It should be made clear: it’s not convenient, and it shouldn’t happen often. The larger team, the more problematic such situation is.
Does it mean, that such solution should be always avoided? The short answer is: no.
The longer answer is: some libraries are specific. Libraries can have their own dependencies. Sometimes, those dependencies are native - it means, that they are compiled for particular operating system (and, perhaps, the Glibc library…). Such dependencies are usually installed system-wide (it’s the easiest way to manage them). In such cases, the easiest solution is to also install the library system-wide.
Think about it: there’s a library with such native dependencies, and it is installed locally. When the library is upgraded, there are two possibilites: either its dependencies also have to be upgraded, or they don’t. In the latter case, the library upgrade can be performed locally. In the first one, it cannot (dependencies are native, and installed system-wide).
So, when dealing with libraries, especially with such ones, which are wrappers (or bindings) for some other, native dependencies, having custom image is the only sane option.
Fortunatelly, such cases are rather rare, or very specific, like GUI libraries (which are usually well-matured, and do not change very often; or, at least, I think so).
And, for a little practice, let’s try to use a container to create a brand new, Python project, and (locally) install some library. What should be done:
- Start a new container.
- Install PHP inside it.
- Start the PHP built-in HTTP server.
- Start a new session inside the container.

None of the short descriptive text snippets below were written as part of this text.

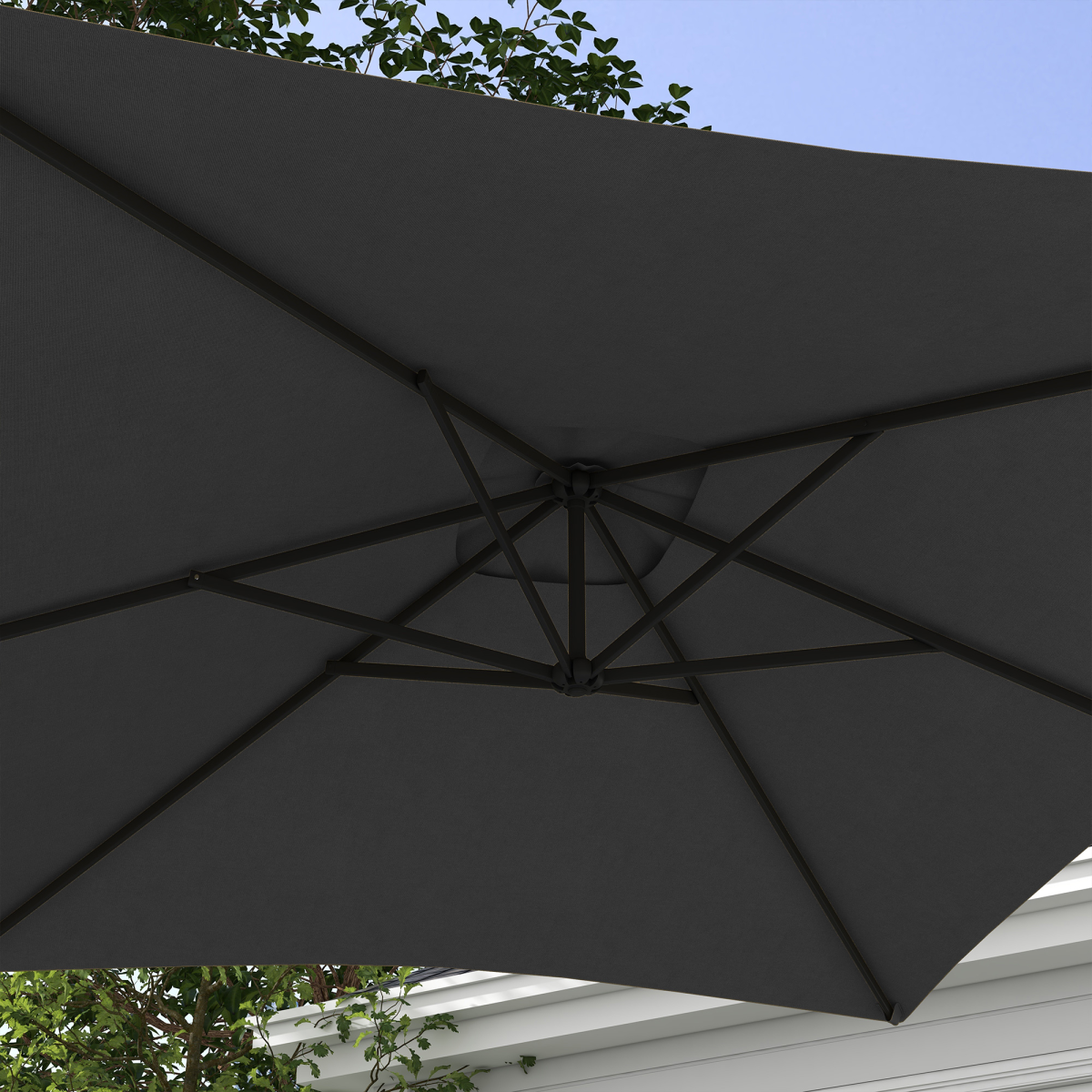 Outsunny Outsunny 3 m Cantilever Parasol with Cross Base, Crank Handle, 6 Ribs, Grey - Parasol
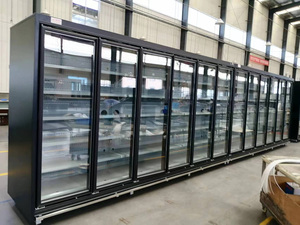 Congélateur vertical commercial pour supermarché, réfrigérateur à quatre portes vitrées, refroidisseur de viande, vitrine réfrigérée - Product Image 1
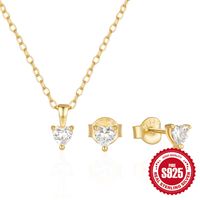 Estilo Vintage Forma De Corazón Color Sólido Plata Esterlina Enchapado Mujeres Conjunto De Joyas sku image 1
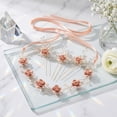 thumbnail image 4 of Miallo Boho Floral Hair Accessories Set of 4, Pink Rose Wedding Hair Band with Pearl Crystal Hair Pins for Brides, Bridesmaids, and Flower Girls, 4 of 8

- Install Python inside the container.
- Create a new, local project in Python.
- Install an external library (requests), to make HTTP requests.
- Connect to the HTTP server, using the library.
Just to remind you, in order to start a new container, the following command should be used:
$ docker run --rm -it -v "$(pwd):/home/project" -w /home/project -p 3000:3000 alpine:3.13
(please note, that /bin/sh is the default command to be run, so it doesn’t have to be specified after the image name)
After starting the container, installation of PHP and starting the built-in HTTP server is done with the following commands:
# apk update
# apk add php7
# php -S 0.0.0.0:3000
It’s also good to have some handy index.php script, to serve some response:
<?php
echo "Łolaboga!\n"
Starting a new session should be quite obvious right now. I won’t specify the commands here, for several reasons. First of all, the commands have been already specified (they can be found in this text). Second, they can be watched in the video (go ahead and watch them, it starts at 7:19; the commentary is in Polish, but the commands themselves are not). Third, you should perform such exercise by yourself. (Believe me, mere reading and watching videos won’t teach you any skills; practice will.)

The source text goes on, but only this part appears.